> _What the exercise asks_
Look below for the line that has "Large Daffy Duck"; output exactly from it through the line that has "Discover this bright", and leave the pictures out.

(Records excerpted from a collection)
+===+
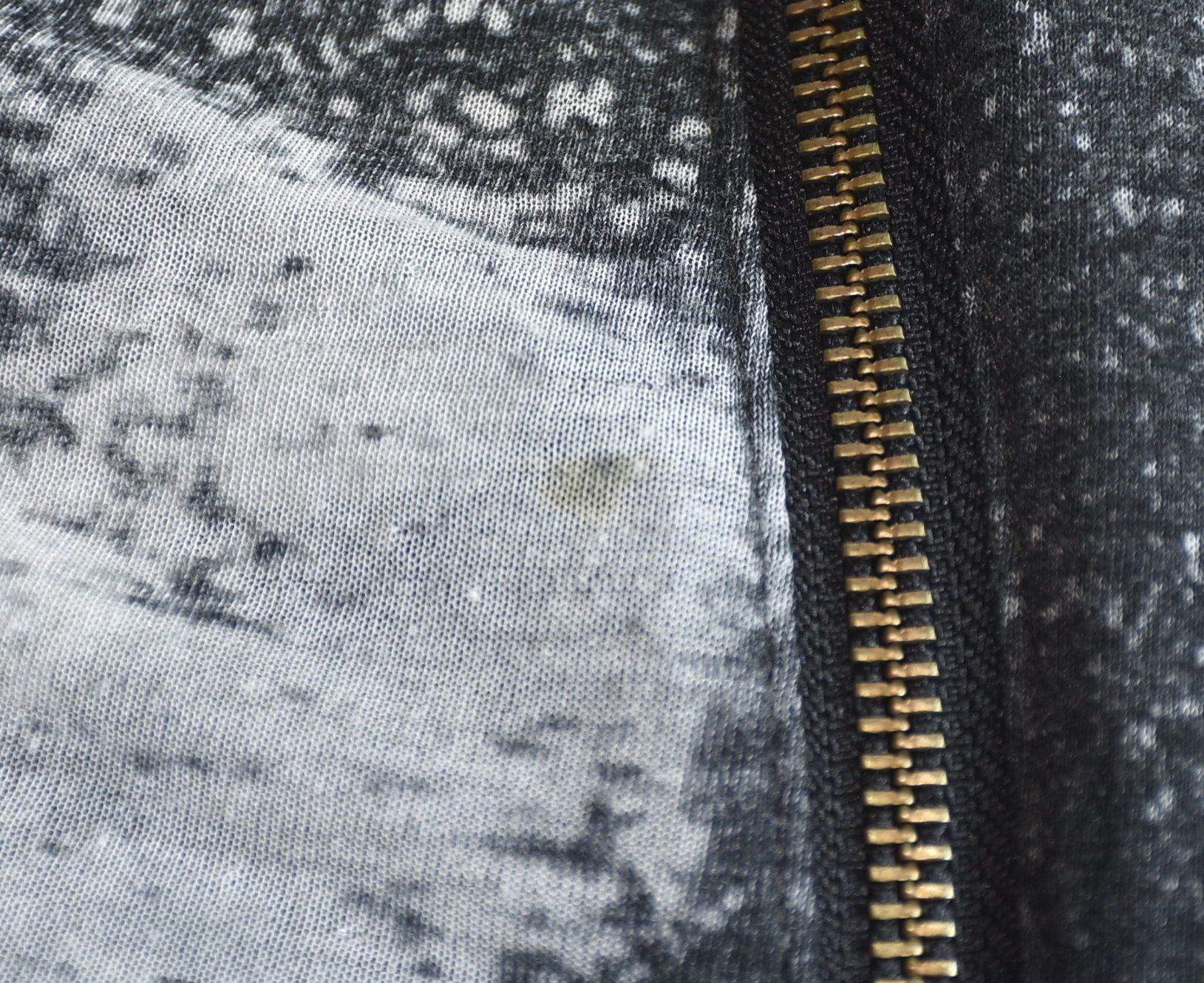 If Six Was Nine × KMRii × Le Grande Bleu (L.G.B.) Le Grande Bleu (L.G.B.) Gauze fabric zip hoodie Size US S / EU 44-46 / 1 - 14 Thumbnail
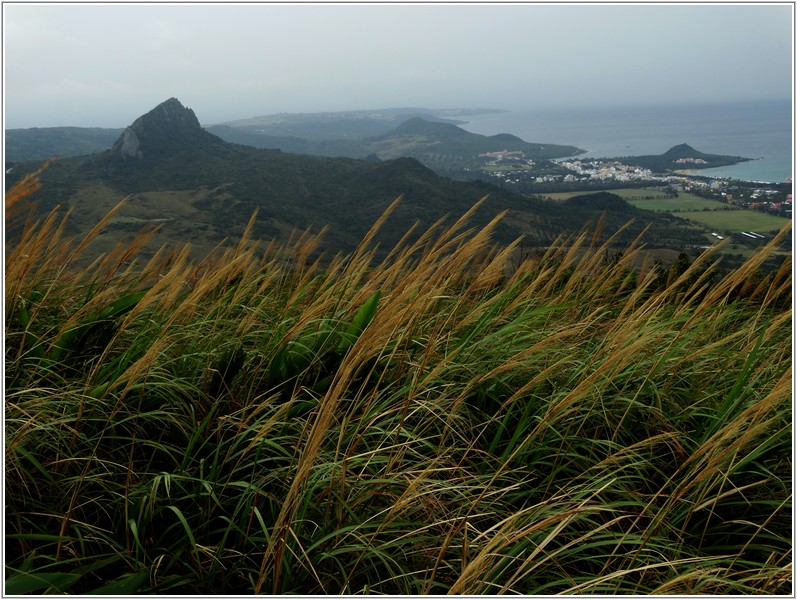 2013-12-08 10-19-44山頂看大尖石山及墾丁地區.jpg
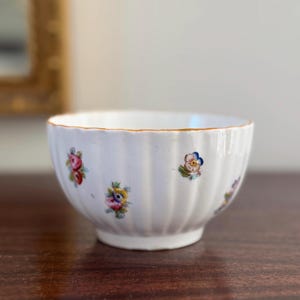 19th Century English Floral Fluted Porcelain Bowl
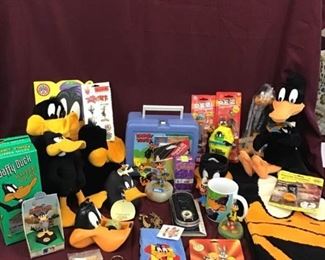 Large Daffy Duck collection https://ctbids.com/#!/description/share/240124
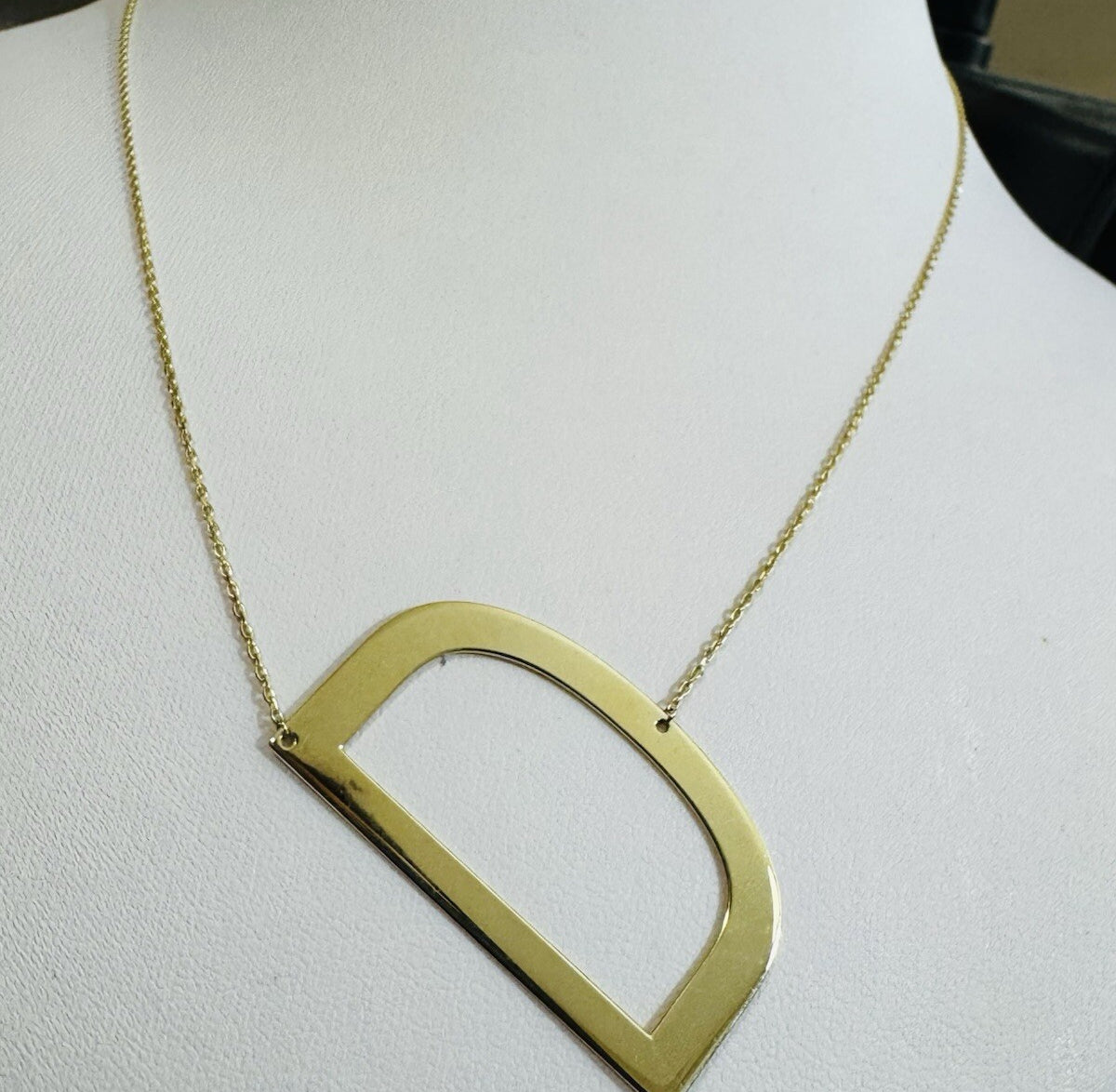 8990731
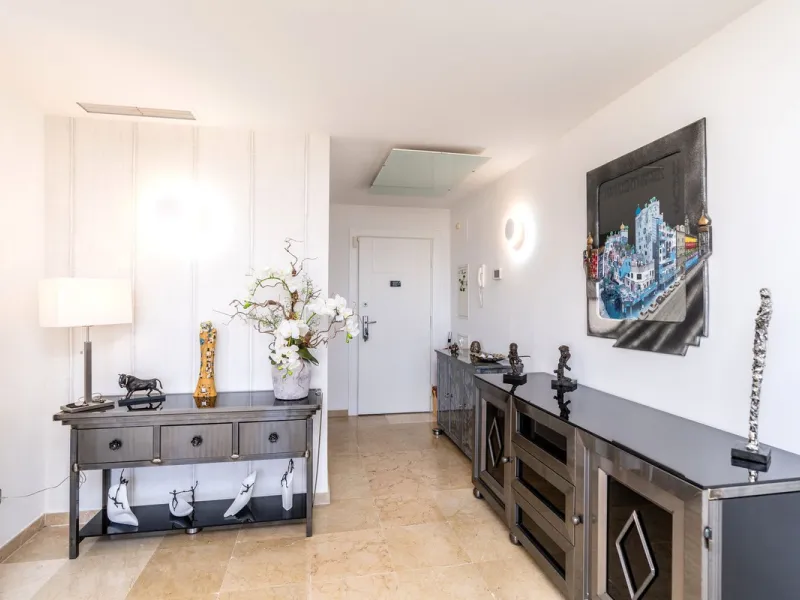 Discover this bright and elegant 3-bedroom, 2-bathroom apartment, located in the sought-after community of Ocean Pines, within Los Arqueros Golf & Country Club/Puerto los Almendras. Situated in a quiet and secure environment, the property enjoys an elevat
+===+
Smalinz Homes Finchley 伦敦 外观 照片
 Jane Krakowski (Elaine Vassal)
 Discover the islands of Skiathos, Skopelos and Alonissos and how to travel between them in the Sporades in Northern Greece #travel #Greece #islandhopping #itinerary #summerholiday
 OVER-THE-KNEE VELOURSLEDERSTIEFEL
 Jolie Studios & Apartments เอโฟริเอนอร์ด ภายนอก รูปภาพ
+===+
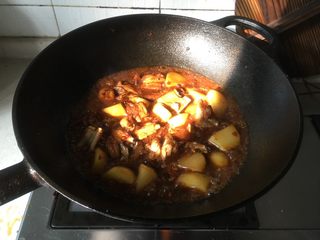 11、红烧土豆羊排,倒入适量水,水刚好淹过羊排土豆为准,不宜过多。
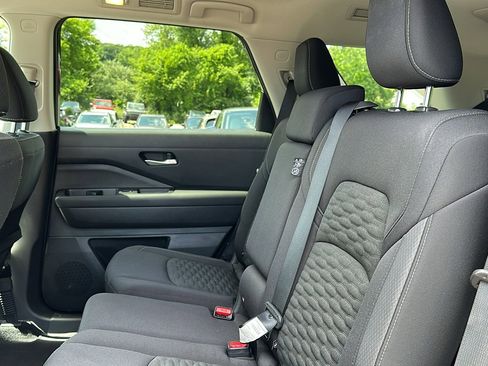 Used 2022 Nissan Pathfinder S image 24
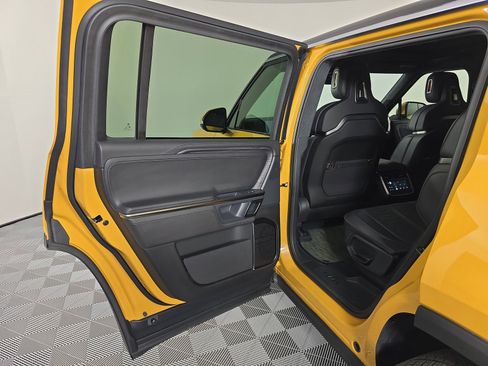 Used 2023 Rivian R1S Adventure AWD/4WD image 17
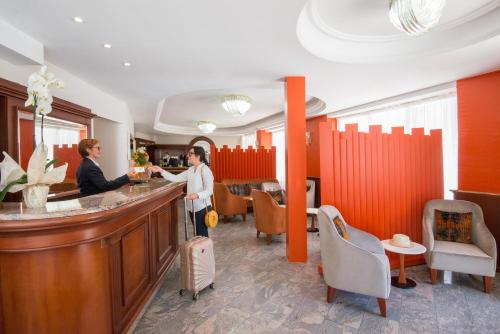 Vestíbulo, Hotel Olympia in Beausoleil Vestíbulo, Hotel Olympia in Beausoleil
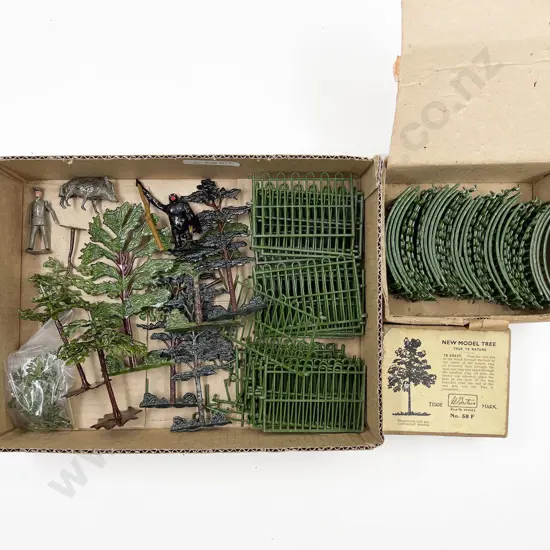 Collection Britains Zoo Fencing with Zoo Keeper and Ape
+===+
> _Reply to the task_
 Large Daffy Duck collection https://ctbids.com/#!/description/share/240124
 8990731
 Discover this bright and elegant 3-bedroom, 2-bathroom apartment, located in the sought-after community of Ocean Pines, within Los Arqueros Golf & Country Club/Puerto los Almendras. Situated in a quiet and secure environment, the property enjoys an elevat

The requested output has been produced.